Criminalità
Manuel Foffo e Marco Prato: Noi no, noi non siamo come loro
C’è una ‘spiegazione’ privilegiata che la destra statunitense – pro-armi, e quindi finanziata dalla National Rifle Association – è solita dare delle stragi a mano armata di cui troppo stesso abbiamo notizia. È una spiegazione che tende a liquidare la questione, etichettando gli assassini a “psicopatici” e e accompagnandovi la bizzarra idea che se tutti avessero un’arma a portata di mano, per un’improbabile gioco di deterrenza reciproca, queste stragi non accadrebbero, sarebbero molto limitate, o al limite troverebbero lo stragista crivellato dei proiettili di altri. E’ una spiegazione che circoscrive il tutto alla fenomenologia del ‘matto’, isolando e minimizzando gli accadimenti tragici, interpretandoli come semplici ‘errori’ individuali, magari finanche genetici, che a volte – ma solo a volte, eh – intaccano il persistere di un sistema che tutto sommato funziona: “Che ci vuoi fare, se ci sono i matti che poi prendono e sparano a tutti?”. E’ una spiegazione piuttosto fuorviante, che tende a scansare i dilemmi etici e sistemici che invece devono necessariamente essere posti. E la diffusione poco controllata delle armi da fuoco negli Stati Uniti d’America è solo uno dei tanti esempi.
L’altra notte è andato in scena un delitto terribile, a Roma: due ragazzi quasi-trentenni, habitué della scena festaiola capitolina, a conclusione di un festino casalingo durante il quale pare avessero assunto di tutto e di più, contattano per sms un altro ragazzo – più giovane, solo ventitreenne – con la promessa di un compenso di 120 euro. Per cosa? Serve davvero saperlo? Luca Varani arriva, e i due gli fanno bere inavvertitamente un bicchiere con dentro un medicinale che lo atterrisce, lo aggrediscono dichiarandogli apertamente la volontà di ucciderlo, “per vedere l’effetto che fa”, lo colpiscono con coltelli e martello. Soffre tantissimo prima di morire dissanguato, i due rimangono col cadavere in casa – storditi? – per ore prima di andarsi a costituire.
Ora, sui media è cominciata la rincorsa alla spiegazione sociologica, all’estrazione di verità assolute, di tendenze accertate, dalla miniera rappresentata da un fatto di cronaca come questo. Si incominciano a leggere assunzioni come “I giovani non riescono più a distinguere tra realtà vera e realtà virtuale”, “Questa è la degenerazione finale della nostra società”, “Colpa del narcisismo impostogli da ciò che vedono tutti i giorni”. Poi l’elemento droga, ovviamente, che ci sta sempre bene, e infine il tag che più di tutti stuzzica il dibattito pubblico negli ultimi mesi, cioè la componente ‘gay’ del festino, e quindi dell’atroce delitto. Inutile raccontare che qualcuno si sia già servito del fatto come fatale e finale dimostrazione della perversione folle ed assassina insita nell’omosessualità. E infine, l’immancabile morbosità con cui gli account social dei protagonisti sono stati scarnificati in cerca di dettagli (in copertina un grande esempio).

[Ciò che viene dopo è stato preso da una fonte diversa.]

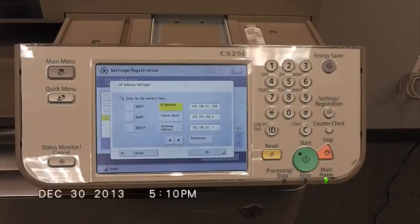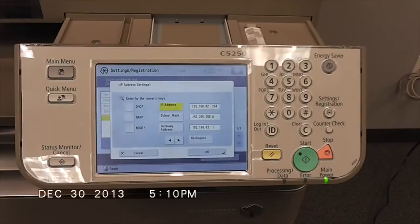That IP address can be used once you get back to your computer to go to the web interface of this device by putting it into the web address bar.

Ma, mettiamola così, e spero mi perdoniate una certa nettezza nella presa di distanza: Manuel Foffo e Marco Prato non erano esattamente due ‘giovani’ (giovani, a quasi trent’anni?) come tutti gli altri. In due giorni avevano speso 1500 euro in cocaina. Il loro ‘afterino’ di eccessi non è la tendenza riconosciuta e popolare nelle persone tra i venti e i trent’anni di oggi, ma un’abitudine penetrata in una fascia abbastanza privilegiata del rampollame romano. Chiamare un ragazzo di sei-sette anni più giovani, in promessa di denaro, non è esattamente il tipo di divertimento favorito dai milennials. E no, non tutti abbiamo un padre pronto a difenderci in seconda serata, il giorno stesso in cui confessiamo una marachella del genere. Starò mica cadendo in una contraddizione classista? Sarà.
Solo che ecco, sì, per una volta scelgo di discriminare, di isolare, di mettere da parte. Per una volta scelgo di rifugiarmi nella spiegazione della destra statunitense, esatto, la stessa che difende la circolazione indiscriminata delle armi da fuoco. Per una volta mi sento di dire che Manuel Foffo e Marco Prato non rappresentano nulla né di una società né di una generazione. Per una volta – e chiedo scusa, non so a chi, per questo – alzo le mani, punto il dito, da solo mi rassicuro – magari sbaglio – e dico: Manuel Foffo e Marco Prato, quei due, sono degli squilibrati, nel senso peggiore del termine. E noi no, noi non siamo come loro. Non c’entriamo proprio nulla, con loro.